> **INFORMATION SHOWN**
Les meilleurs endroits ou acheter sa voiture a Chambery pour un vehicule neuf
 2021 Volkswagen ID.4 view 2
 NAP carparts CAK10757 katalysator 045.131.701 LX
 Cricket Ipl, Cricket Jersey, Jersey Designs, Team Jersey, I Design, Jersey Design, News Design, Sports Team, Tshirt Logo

> **WORK ITEM**
Once you reach the line containing "NAP carparts CAK10757", transcribe it and each line after it through the end of the material, exactly and with nothing added.

> **SOLUTION FOR THIS PROBLEM**
 NAP carparts CAK10757 katalysator 045.131.701 LX
 Cricket Ipl, Cricket Jersey, Jersey Designs, Team Jersey, I Design, Jersey Design, News Design, Sports Team, Tshirt Logo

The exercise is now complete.